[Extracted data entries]
....
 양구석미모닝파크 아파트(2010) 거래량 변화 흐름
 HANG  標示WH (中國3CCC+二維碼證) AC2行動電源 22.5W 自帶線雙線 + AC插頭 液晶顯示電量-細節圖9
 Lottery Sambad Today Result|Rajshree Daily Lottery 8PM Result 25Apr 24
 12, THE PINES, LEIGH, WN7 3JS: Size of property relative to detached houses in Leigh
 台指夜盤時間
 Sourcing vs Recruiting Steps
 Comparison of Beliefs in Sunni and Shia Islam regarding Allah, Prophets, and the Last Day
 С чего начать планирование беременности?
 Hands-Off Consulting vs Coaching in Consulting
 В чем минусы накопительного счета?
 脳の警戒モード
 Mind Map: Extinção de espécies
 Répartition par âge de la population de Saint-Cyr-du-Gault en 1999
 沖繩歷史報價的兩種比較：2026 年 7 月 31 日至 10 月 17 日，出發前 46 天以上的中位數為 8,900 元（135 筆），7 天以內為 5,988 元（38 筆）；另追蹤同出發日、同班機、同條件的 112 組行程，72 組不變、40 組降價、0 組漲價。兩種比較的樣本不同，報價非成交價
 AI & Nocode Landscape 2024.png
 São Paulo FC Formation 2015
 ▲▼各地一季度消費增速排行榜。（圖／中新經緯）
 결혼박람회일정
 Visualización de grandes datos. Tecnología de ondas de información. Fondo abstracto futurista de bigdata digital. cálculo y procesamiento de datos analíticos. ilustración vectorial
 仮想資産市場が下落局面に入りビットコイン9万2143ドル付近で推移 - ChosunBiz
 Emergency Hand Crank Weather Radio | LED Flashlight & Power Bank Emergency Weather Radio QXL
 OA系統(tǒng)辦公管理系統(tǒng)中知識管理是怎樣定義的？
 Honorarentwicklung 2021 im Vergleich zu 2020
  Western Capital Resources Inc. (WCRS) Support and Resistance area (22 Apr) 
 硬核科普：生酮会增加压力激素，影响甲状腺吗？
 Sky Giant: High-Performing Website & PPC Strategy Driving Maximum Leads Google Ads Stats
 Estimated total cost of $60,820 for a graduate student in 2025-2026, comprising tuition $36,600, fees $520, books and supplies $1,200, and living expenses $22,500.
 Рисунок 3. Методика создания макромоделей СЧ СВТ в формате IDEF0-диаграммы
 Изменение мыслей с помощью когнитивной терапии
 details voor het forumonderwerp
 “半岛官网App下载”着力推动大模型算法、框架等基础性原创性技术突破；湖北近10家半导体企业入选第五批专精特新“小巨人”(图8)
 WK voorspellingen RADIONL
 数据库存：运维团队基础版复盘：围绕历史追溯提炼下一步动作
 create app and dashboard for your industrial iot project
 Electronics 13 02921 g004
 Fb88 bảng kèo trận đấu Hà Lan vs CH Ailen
....
*Problem to work on*.
Exactly the lines from the one holding "WK voorspellingen RADIONL" through the end of the data are to be repeated, with both ends included.

*Solution*.
 WK voorspellingen RADIONL
 数据库存：运维团队基础版复盘：围绕历史追溯提炼下一步动作
 create app and dashboard for your industrial iot project
 Electronics 13 02921 g004
 Fb88 bảng kèo trận đấu Hà Lan vs CH Ailen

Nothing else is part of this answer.